Extract precisely the lines of the entries below, from the first line through the line containing "Sage Nespresso by".

=== Begin Enclosure ===

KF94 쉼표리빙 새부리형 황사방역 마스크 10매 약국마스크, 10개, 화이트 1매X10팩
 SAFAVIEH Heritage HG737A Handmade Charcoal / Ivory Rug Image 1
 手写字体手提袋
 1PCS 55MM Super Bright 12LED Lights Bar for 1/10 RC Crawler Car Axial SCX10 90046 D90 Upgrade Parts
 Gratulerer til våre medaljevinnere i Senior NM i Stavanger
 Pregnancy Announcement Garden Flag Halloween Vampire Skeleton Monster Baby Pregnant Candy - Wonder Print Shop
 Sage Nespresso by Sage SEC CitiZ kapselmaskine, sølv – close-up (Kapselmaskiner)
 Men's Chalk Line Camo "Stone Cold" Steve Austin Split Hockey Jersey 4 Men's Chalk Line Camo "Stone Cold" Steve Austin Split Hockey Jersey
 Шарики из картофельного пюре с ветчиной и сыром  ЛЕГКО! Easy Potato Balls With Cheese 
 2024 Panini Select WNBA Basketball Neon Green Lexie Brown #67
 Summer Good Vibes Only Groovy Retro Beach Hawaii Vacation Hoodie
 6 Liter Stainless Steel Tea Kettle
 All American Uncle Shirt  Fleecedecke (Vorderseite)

=== End Enclosure ===

Result for this task:
KF94 쉼표리빙 새부리형 황사방역 마스크 10매 약국마스크, 10개, 화이트 1매X10팩
 SAFAVIEH Heritage HG737A Handmade Charcoal / Ivory Rug Image 1
 手写字体手提袋
 1PCS 55MM Super Bright 12LED Lights Bar for 1/10 RC Crawler Car Axial SCX10 90046 D90 Upgrade Parts
 Gratulerer til våre medaljevinnere i Senior NM i Stavanger
 Pregnancy Announcement Garden Flag Halloween Vampire Skeleton Monster Baby Pregnant Candy - Wonder Print Shop
 Sage Nespresso by Sage SEC CitiZ kapselmaskine, sølv – close-up (Kapselmaskiner)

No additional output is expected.